Greenland has lost 4,700 gigatons of ice since 2002

According to data collected between April 2002 and August 2021 by the Gravity Recovery and Climate Experiment (GRACE) satellites, the Greenland Ice Sheet has lost 4,700 gigatons of ice over the last two decades – a quantity which would be large enough to submerge the entire United States under 1.5 feet of water. This massive ice loss has contributed to a global sea level rise of 0.47 inches (1.2 centimeters).

“Data shows that most of the loss of ice occurs along the edge of the ice sheet, where independent observations also indicate that the ice is thinning, that the glacier fronts are retreating in fjords and on land, and that there is a greater degree of melting from the surface of the ice,” wrote the authors of the most recent report regarding the status of the Greenland Ice Sheet.

Ice loss appears to be particularly severe along the West Greenland coast, where the increasing warming of subsurface waters is accelerating glacier melt.

“High on the central region of the ice sheet, however, the GRACE satellites show that there is a small increase in the mass of the ice. Other measurements suggest that this is due to a small increase in precipitation/snowfall,” said the researchers.

Overall, the data show that during the period between 2002 and 2011, the Greenland Ice Sheet has lost an average of 234 km3 of water per year.
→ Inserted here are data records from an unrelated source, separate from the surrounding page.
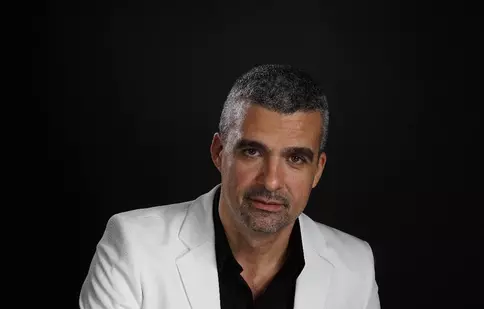 Aurelian Temişan şi Ilinca Avram prezintă show-urile Eurovision România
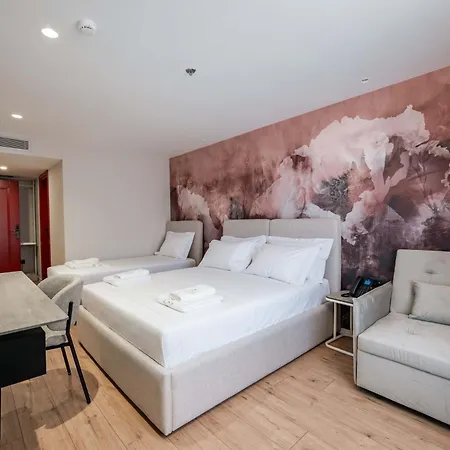 Отель Ermes Luxury Дуррес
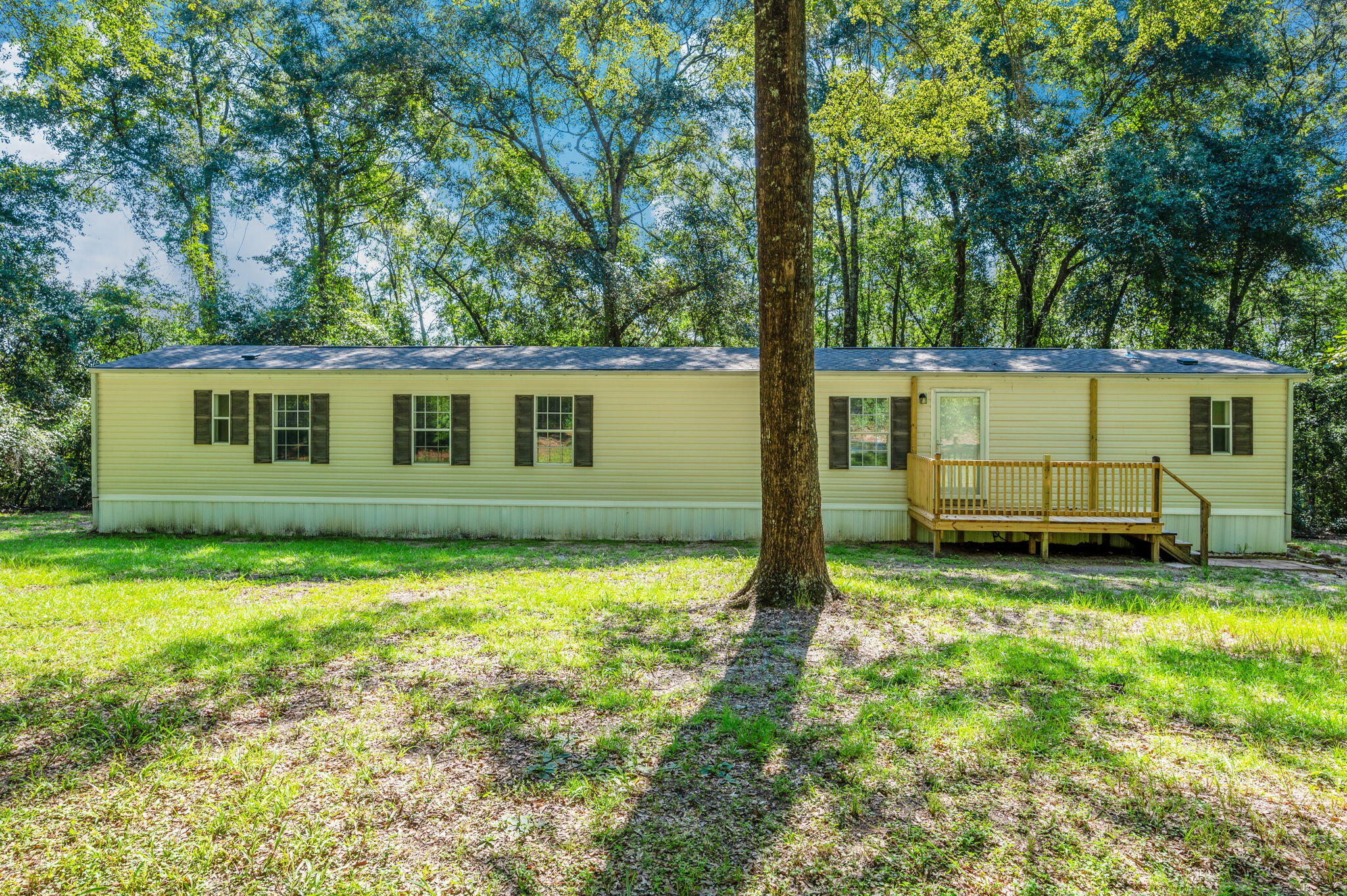 Charming 2-Bedroom, 2-Bath Home with Modern UpgradesWelcome home to fresh new LVP flooring throughout and a spacious, inviting layout. The kitchen offers ample space for cooking, dining, and entertaining, while the oversized primary suite boasts a serene garden tub and a roomy walk-in closet. The second bedroom is equally comfortable, perfect for family or guests. Enjoy the tranquility of country living with the convenience of being just minutes from town--this gem won't last long!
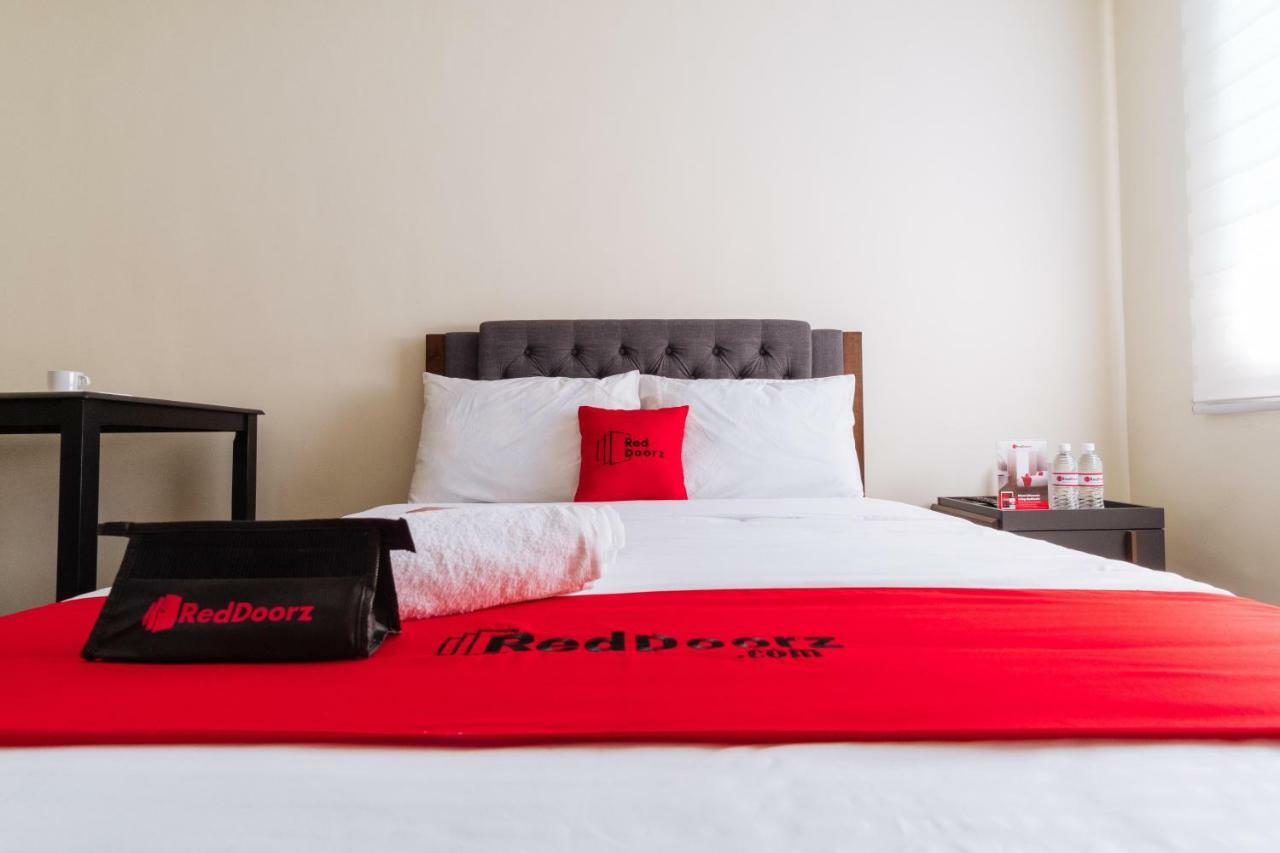 RedDoorz Premium @ Vista Heights Legarda Hotel Manilla Buitenkant foto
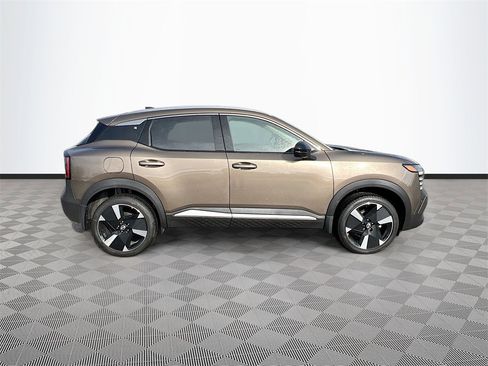 New 2026 Nissan Kicks SR image 8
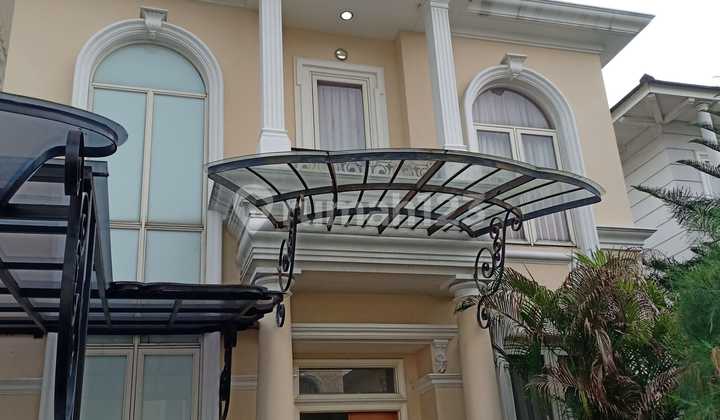 Dijual rumah di Les Belles Maisons - jantung kota Tangsel Dijual rumah di Les Belles Maisons - jantung kota Tangsel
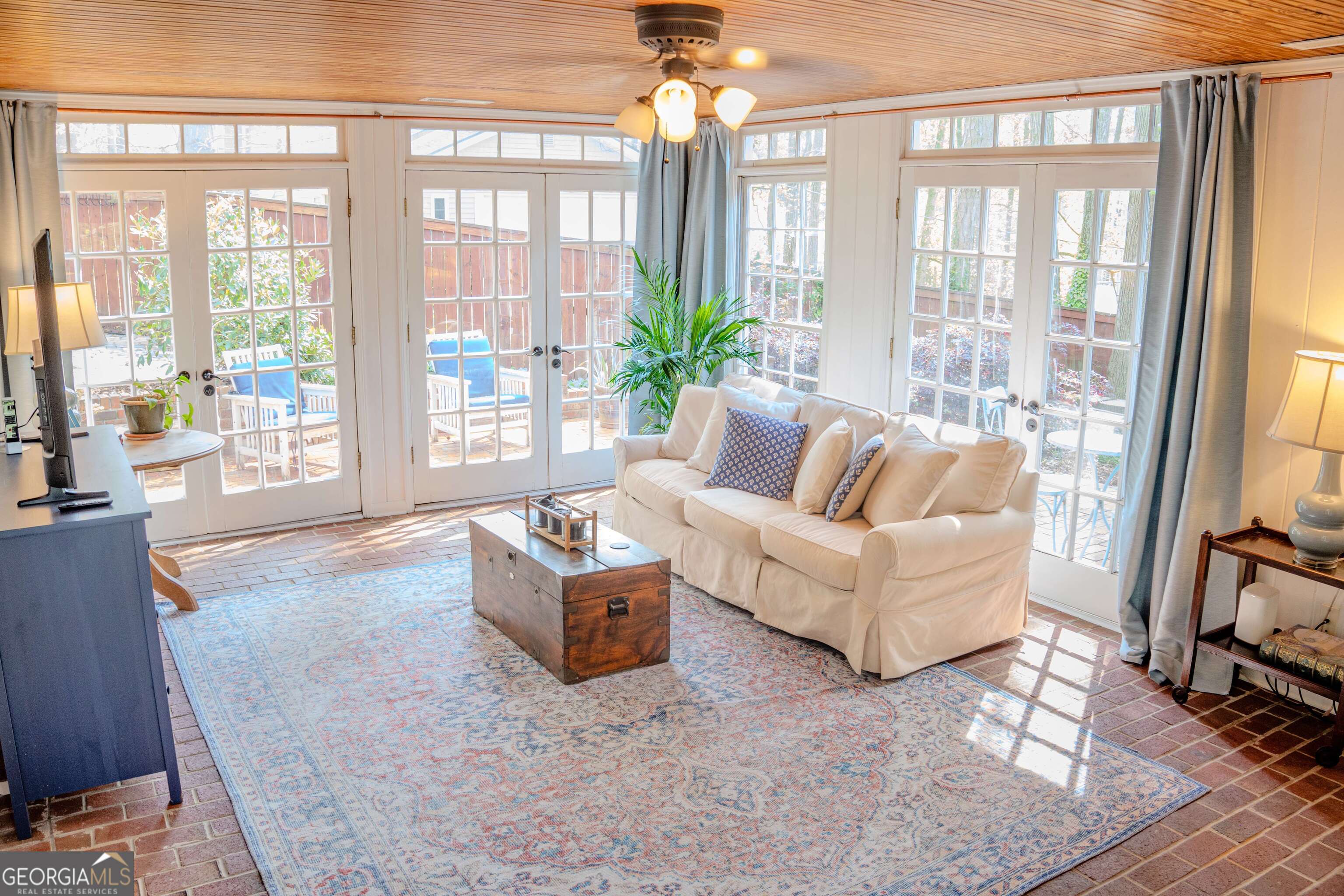 2872 McPherson RD NE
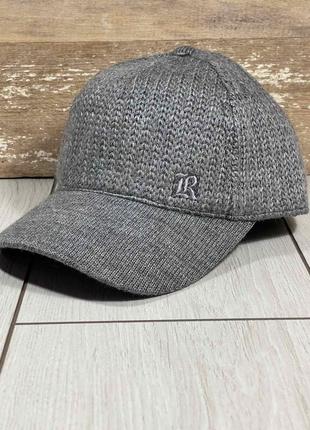 В’язана бейсболка
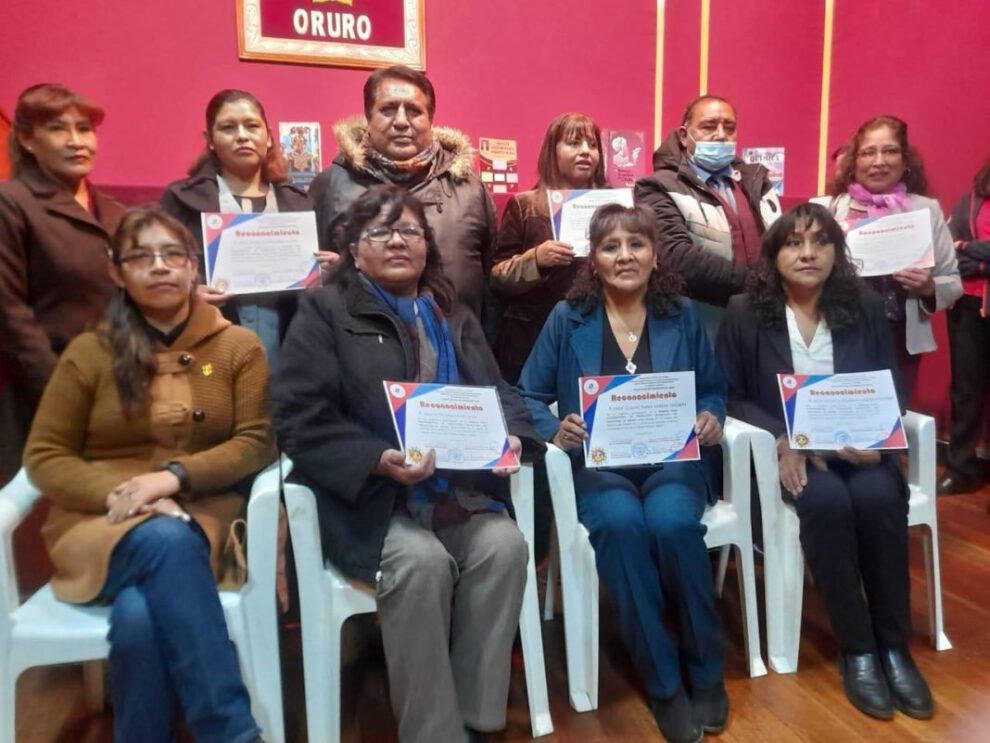 Reconocimiento a maestros por su producción intelectual
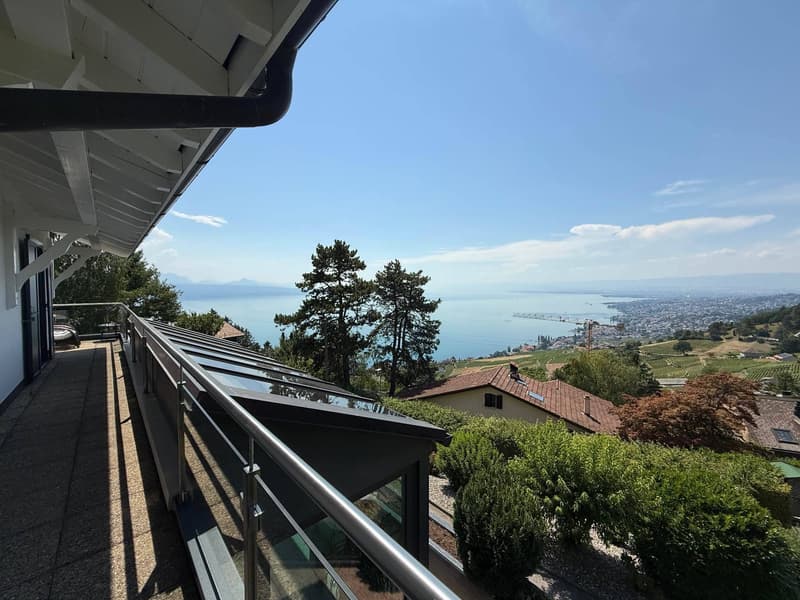 Spacieuse villa familiale avec une vue imprenable (13)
If the entire ice sheet would vanish, it would release enough water to increase global sea levels by 24 feet, or 7.4 meters.

According to an earlier study published in 2019 in the journal Nature, at the current rate of global warming, Greenland’s ice loss will likely cause the sea levels to rise between three to five inches (7-13 centimeters) by the end of the 21st century. This rise will negatively impact hundreds of millions of people all over the globe.

“As a rule of thumb, for every centimeter rise in global sea level, another six million people are exposed to coastal flooding around the planet,” said the 2019 study lead author Andrew Shepherd, a climate scientist at the University of Leeds.

“On current trends, Greenland ice melting will cause 100 million people to be flooded each year by the end of the century, so 400 million in total,” he warned. Urgent measures are needed to mitigate climate change and protect human societies and ecosystems.